Sun Dec 8th through Sat the 14th, 2019 at Vancouver Convention Center
Quality: The paper is technically sound. Claims are supported by experimental results. The experimental study tests the proposed method on three standard datasets with correct methodologies and evaluations. Model capacity comparisons are covered in the supplementary material. I believe those comparisons are important, and it is better if authors can include them in the main paper. The paper tries to show that handcrafted features, separation of information sources, or any other specialized computation are not necessary for the video prediction task. However, the experimental results are only comparing the performance of simple networks with various capacities. This only shows that more capacity results in better results but It is not clear how other SOTA methods are compared to the simple architectures. Varying the capacity of SOTA networks, or simply reporting their performance can better evaluate the claim. Clarity: The paper is generally well-written and structured clearly. Originality: To my knowledge, there is no other paper providing a large scale study of networks capacity on the task of video prediction.

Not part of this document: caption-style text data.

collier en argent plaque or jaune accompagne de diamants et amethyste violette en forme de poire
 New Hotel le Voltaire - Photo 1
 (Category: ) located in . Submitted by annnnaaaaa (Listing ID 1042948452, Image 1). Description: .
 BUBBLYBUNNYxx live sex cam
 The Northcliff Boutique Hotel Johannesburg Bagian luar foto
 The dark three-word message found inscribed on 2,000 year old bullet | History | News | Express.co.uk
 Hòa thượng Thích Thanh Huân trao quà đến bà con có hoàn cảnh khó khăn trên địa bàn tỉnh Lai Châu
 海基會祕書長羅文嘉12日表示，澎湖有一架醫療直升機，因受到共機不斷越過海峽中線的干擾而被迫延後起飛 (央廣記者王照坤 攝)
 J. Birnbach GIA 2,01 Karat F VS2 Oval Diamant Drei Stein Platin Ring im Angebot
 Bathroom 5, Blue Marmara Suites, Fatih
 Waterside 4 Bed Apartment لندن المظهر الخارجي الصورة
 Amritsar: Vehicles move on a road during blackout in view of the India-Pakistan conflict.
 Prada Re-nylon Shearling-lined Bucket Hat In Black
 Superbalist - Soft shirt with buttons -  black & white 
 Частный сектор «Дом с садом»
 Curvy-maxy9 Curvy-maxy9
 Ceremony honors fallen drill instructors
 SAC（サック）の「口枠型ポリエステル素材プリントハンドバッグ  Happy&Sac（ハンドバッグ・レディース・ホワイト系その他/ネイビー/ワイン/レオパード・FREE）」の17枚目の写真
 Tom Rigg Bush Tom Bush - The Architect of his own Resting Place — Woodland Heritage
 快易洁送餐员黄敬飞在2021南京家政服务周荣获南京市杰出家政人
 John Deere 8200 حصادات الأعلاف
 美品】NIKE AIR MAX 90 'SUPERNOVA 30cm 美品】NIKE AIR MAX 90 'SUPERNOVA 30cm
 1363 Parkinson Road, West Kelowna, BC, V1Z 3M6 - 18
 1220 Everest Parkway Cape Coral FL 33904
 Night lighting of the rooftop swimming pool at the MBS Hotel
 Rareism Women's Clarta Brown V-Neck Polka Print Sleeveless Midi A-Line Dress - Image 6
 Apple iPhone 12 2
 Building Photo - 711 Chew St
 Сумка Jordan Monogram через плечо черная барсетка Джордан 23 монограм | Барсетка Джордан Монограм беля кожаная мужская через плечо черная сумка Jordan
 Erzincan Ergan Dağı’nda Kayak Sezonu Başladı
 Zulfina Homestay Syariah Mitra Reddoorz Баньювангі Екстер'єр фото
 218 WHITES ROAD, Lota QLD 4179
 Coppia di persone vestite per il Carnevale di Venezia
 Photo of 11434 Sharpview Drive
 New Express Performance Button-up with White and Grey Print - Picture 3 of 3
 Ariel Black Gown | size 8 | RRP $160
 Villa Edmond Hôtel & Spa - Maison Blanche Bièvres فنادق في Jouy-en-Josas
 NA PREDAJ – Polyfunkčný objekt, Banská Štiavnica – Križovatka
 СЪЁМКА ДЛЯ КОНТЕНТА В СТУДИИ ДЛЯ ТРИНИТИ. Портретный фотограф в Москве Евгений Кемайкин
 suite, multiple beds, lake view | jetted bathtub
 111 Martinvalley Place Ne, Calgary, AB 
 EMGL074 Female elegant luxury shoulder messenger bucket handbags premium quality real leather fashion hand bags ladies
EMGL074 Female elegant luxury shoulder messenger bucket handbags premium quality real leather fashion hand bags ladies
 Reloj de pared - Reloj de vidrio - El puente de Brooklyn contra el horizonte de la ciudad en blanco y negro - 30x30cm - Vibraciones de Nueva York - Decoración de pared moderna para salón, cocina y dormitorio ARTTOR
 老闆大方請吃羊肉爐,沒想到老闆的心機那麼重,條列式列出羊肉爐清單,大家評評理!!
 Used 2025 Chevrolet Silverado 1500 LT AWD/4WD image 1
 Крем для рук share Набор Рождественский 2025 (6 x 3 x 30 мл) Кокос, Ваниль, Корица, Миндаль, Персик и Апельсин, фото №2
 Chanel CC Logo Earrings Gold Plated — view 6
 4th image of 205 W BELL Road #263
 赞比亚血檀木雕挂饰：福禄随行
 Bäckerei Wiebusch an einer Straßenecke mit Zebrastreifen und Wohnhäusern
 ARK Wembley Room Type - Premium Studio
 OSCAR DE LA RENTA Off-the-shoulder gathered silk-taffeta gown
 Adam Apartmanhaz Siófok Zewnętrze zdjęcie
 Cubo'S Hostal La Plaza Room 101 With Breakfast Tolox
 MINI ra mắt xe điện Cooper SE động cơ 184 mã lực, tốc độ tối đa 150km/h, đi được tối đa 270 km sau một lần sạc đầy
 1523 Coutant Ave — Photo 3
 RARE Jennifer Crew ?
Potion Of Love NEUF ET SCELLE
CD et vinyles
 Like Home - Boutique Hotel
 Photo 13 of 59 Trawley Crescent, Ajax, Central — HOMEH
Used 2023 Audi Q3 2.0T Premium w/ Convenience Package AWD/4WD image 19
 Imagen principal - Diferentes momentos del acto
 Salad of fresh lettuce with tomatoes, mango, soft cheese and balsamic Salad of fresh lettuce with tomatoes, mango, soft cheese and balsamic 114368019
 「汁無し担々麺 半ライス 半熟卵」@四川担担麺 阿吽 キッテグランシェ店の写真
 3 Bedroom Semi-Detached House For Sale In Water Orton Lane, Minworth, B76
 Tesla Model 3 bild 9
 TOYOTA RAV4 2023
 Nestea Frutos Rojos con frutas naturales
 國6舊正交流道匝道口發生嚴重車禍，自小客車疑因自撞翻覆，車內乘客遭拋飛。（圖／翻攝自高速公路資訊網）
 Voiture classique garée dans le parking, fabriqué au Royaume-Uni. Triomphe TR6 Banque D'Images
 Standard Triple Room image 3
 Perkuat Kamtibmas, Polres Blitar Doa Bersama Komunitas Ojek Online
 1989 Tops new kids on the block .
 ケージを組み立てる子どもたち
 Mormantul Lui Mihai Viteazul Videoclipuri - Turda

The literature review seems to be complete. Significance: The results of this paper are important for research in processing videos. It is somewhat expected (from observing the same phenomena in other tasks) that higher capacity results in better performances, but this expectation has never been proved before. This paper is a useful contribution to the literature and has high practical impact. The paper may be better suited for publication in CVPR or ICLR conferences or perhaps can be published as an application paper at NIPS. Update: I think this paper is a good contribution to the field and might be helpful for other video processing tasks as well. That being said, I do believe comparing to the performance of SOTA networks is important. The author response mentions that a SOTA network has been only evaluated on simpler datasets. I do encourage the authors to compare to SOTA on the main datasets of the paper, but if the computation and hyperparameter tuning is really impractical, it is essential to at least have a comparison and report the performance of standard networks with different capacities on the datasets that SOTA is already evaluated on.
This paper attempts to answer the question of whether it is necessary to have the specialized architectures to solve the video prediction problem, and hypothesizes that the specialized architectures are not necessary and instead “standard” neural networks are capable of solving the problem as long as the networks are large enough. The paper then goes on in verifying this hypothesis using “standard” large networks in three datasets corresponding to three different types of video activities for video prediction. The paper claims that this was the first work to answer the question of whether it is necessary to specialized architectures for video prediction and provides the empirical study addressing this question with “standard” large networks. While I am not sure whether this was the first such work on this question (I personally did not see such work before indeed), the hypothesis is pretty much in line with the well known understanding that larger networks may provide better generalization capability in general, that is supported in recent literature including those mentioned in the related work in this paper. Consequently, I am not surprised to see that the hypothesis was verified in the empirical studies reported in the paper, and thus, I don’t see that the novelty of this work is terribly impressive though I appreciate the efforts in conducting and reporting the experiments in this paper. Regarding the empirical studies reported in the paper, I have the following two more comments/requests. First, for the scenes in the three datasets studied (object interaction, human motion, and car driving), they are relatively causality-explicit in nature, and thus there is not much uncertainty in prediction. What if you have a scene with more uncertainty or stochasticity such as natural scene motion (e.g., tornado) or events (e.g., crowd gathering, earthquake)? Second, presumably, the prediction accuracy also depends upon the length of the history data. Can you provide such empirical studies in the three datasets? The above was my original review. I read authors' response and am happy with their answers. I still have my reservation regarding the novelty issue. But I am happy to bump up the overall score to 7.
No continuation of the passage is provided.